Captioned web image data

--- START ---

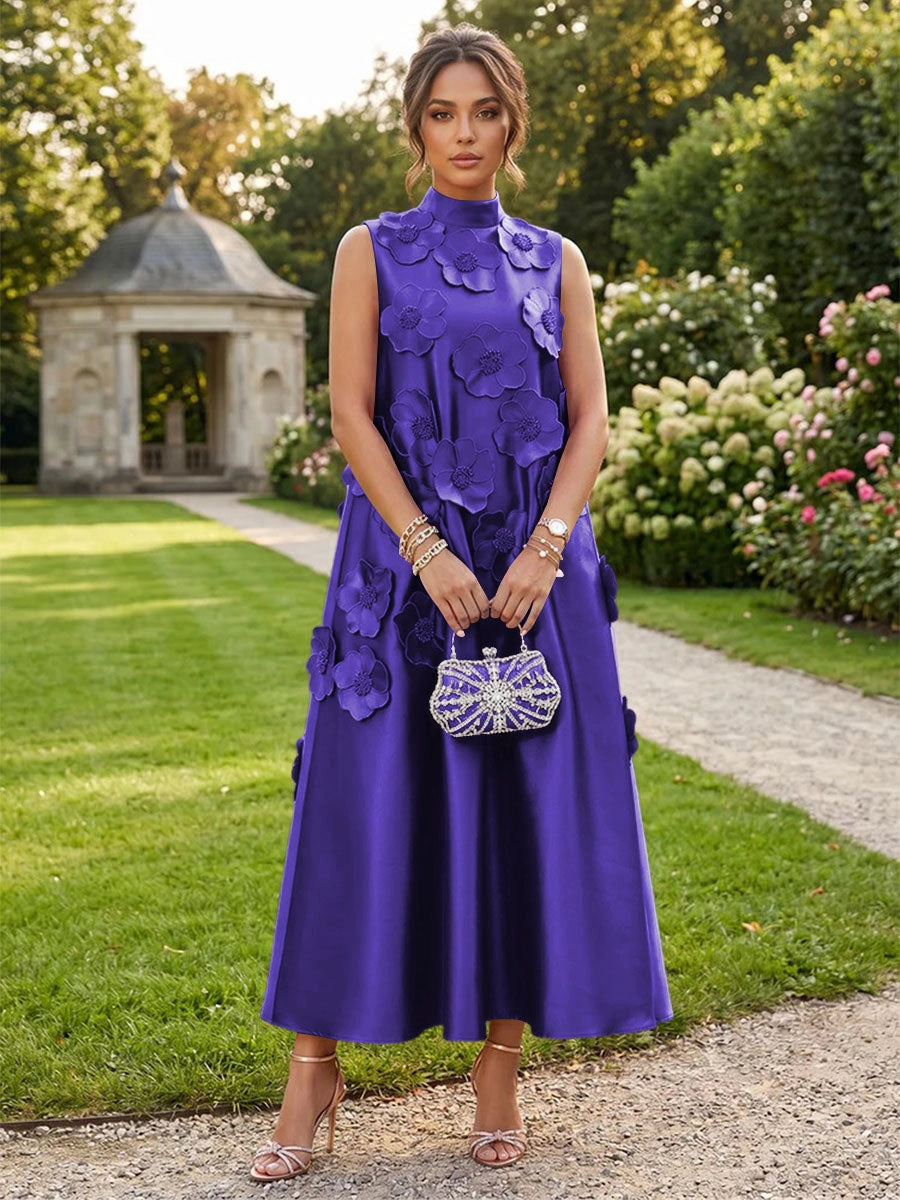 Romantic A-Line High Neck Sleeveless Satin Midi Wedding Guest Dress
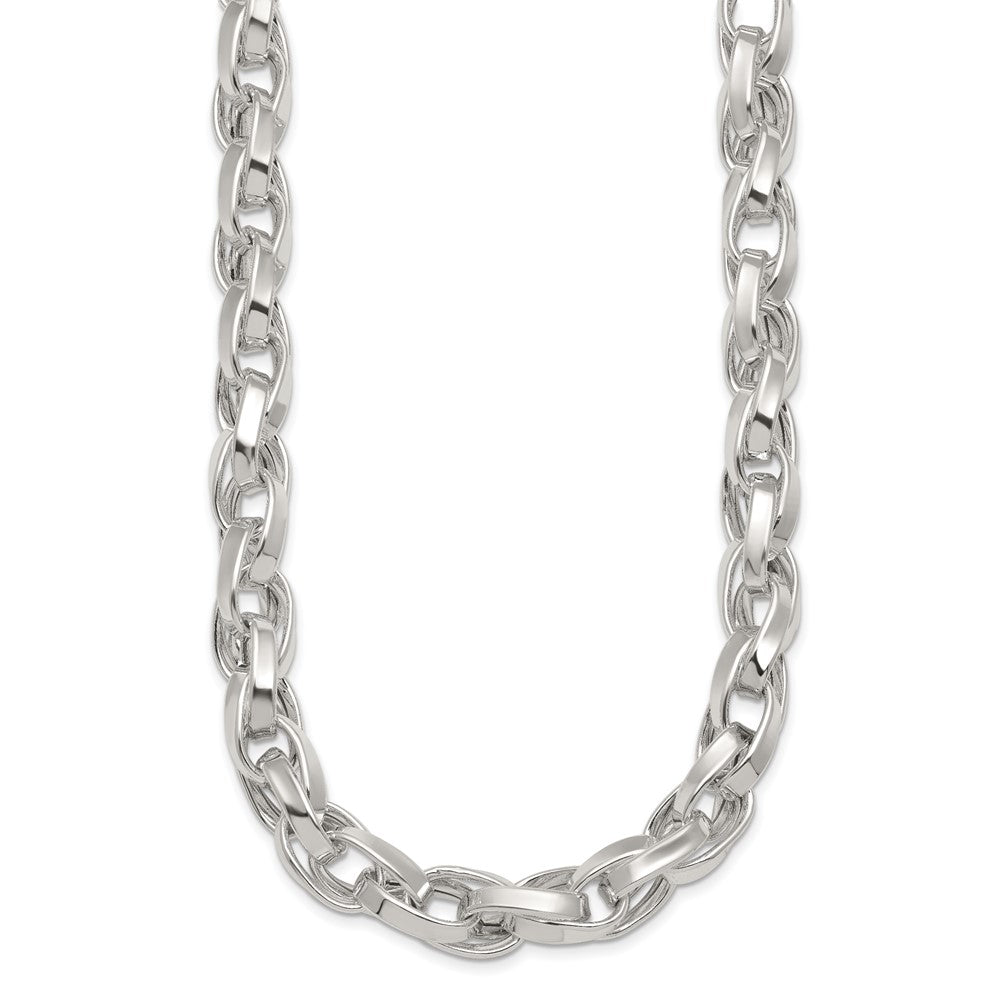 Sterling Silver Polished 18in Double Twist Link Necklace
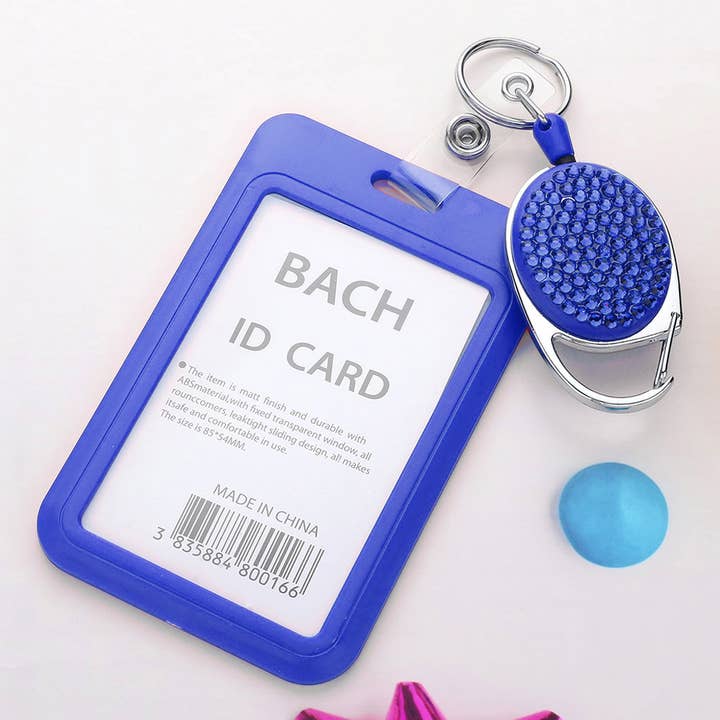 Sensibling Corp. - Wholesale Card Holder - Women's - Bling Studded Tag Pointed Retractable ID Card Holder9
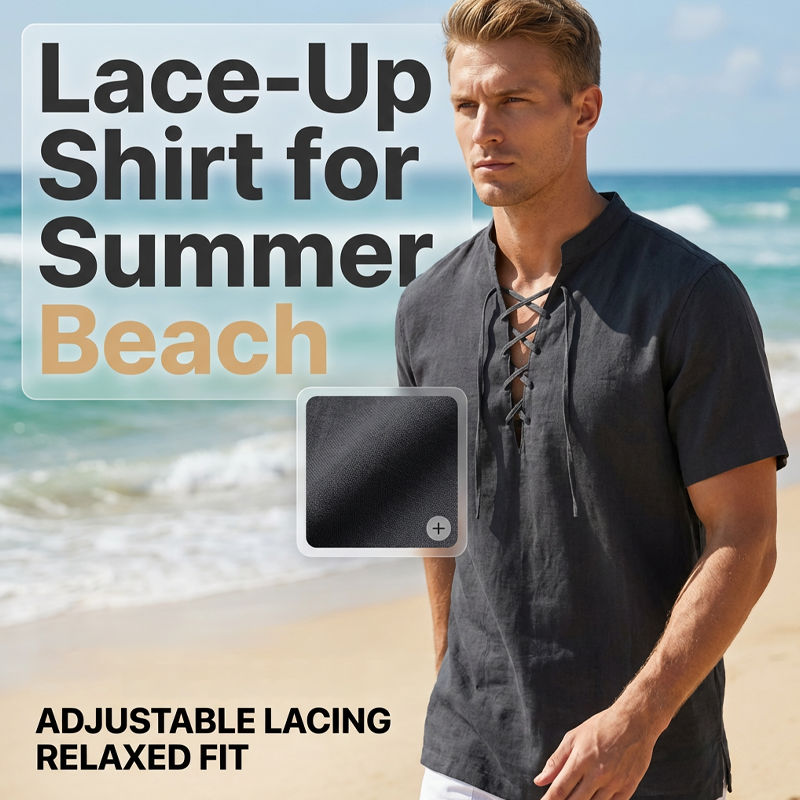 👔 50% RABATT! 🏆 Herren lässiges Schnürhemd mit Kurzarm – Atmungsaktiv & vielseitig – Perfekt für Sommer, Freizeit oder lässige Bürotage – bequemer Look mit Stil ✨🌿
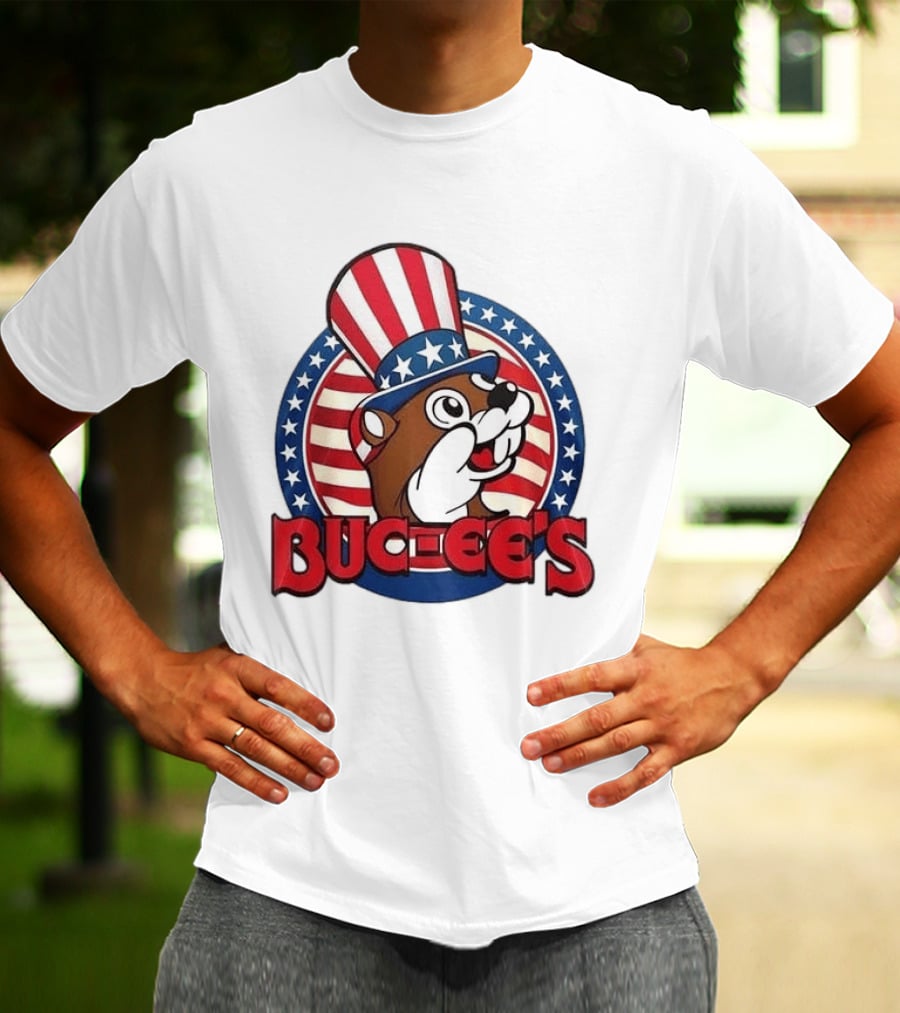 Buc Ee's Patriotic Uncle Sam Beaver USA Stars And Stripes 250th Anniversary T-Shirt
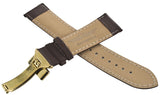 King Master 24mm Brown Leather Gold-tone Buckle Watch Band Strap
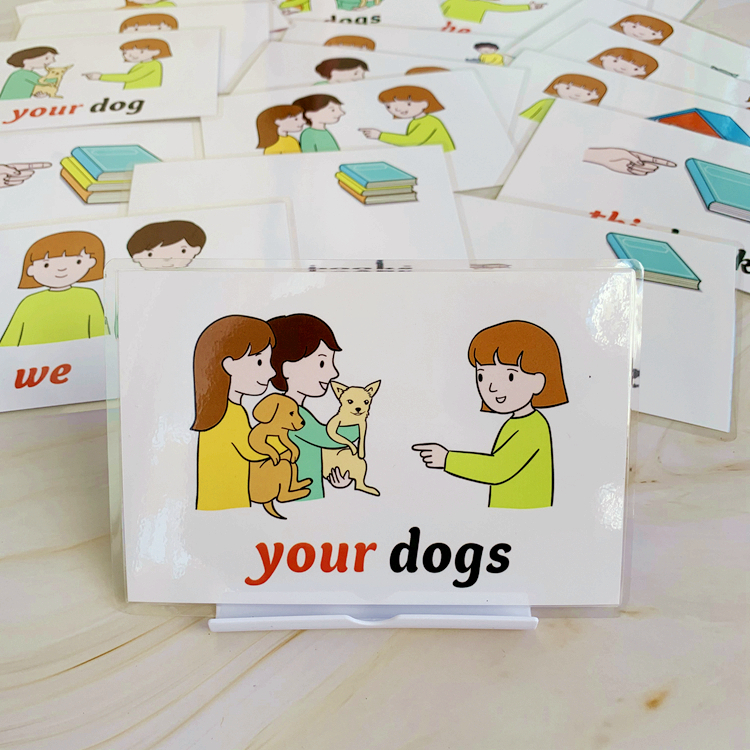 English Word Flashcard Pronoun Main Guest Card 20 Elementary School Students English Learning Flip Chart Enlightenment Teaching Aids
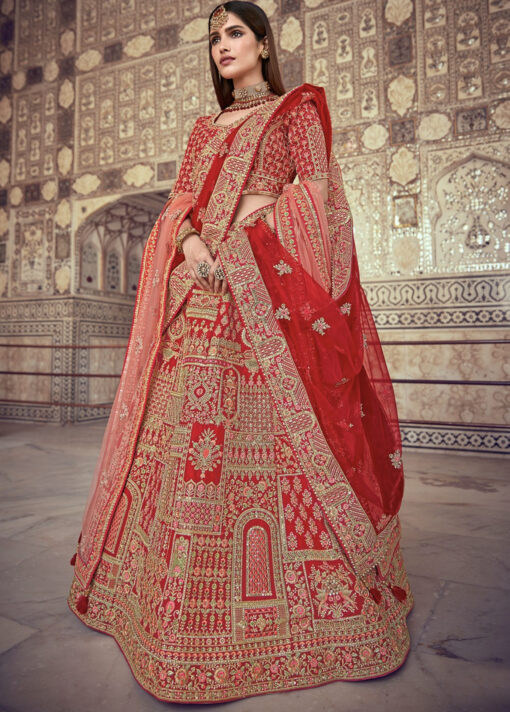 Red Net Bridal Lehenga Choli - Lehengas Designer Collection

--- END ---

§ **Exercise**
The images in the entries above should be left out; please reproduce exactly the lines from the first through the one containing "Buc Ee's Patriotic".

§ **Reply**
 Romantic A-Line High Neck Sleeveless Satin Midi Wedding Guest Dress
 Sterling Silver Polished 18in Double Twist Link Necklace
 Sensibling Corp. - Wholesale Card Holder - Women's - Bling Studded Tag Pointed Retractable ID Card Holder9
 👔 50% RABATT! 🏆 Herren lässiges Schnürhemd mit Kurzarm – Atmungsaktiv & vielseitig – Perfekt für Sommer, Freizeit oder lässige Bürotage – bequemer Look mit Stil ✨🌿
 Buc Ee's Patriotic Uncle Sam Beaver USA Stars And Stripes 250th Anniversary T-Shirt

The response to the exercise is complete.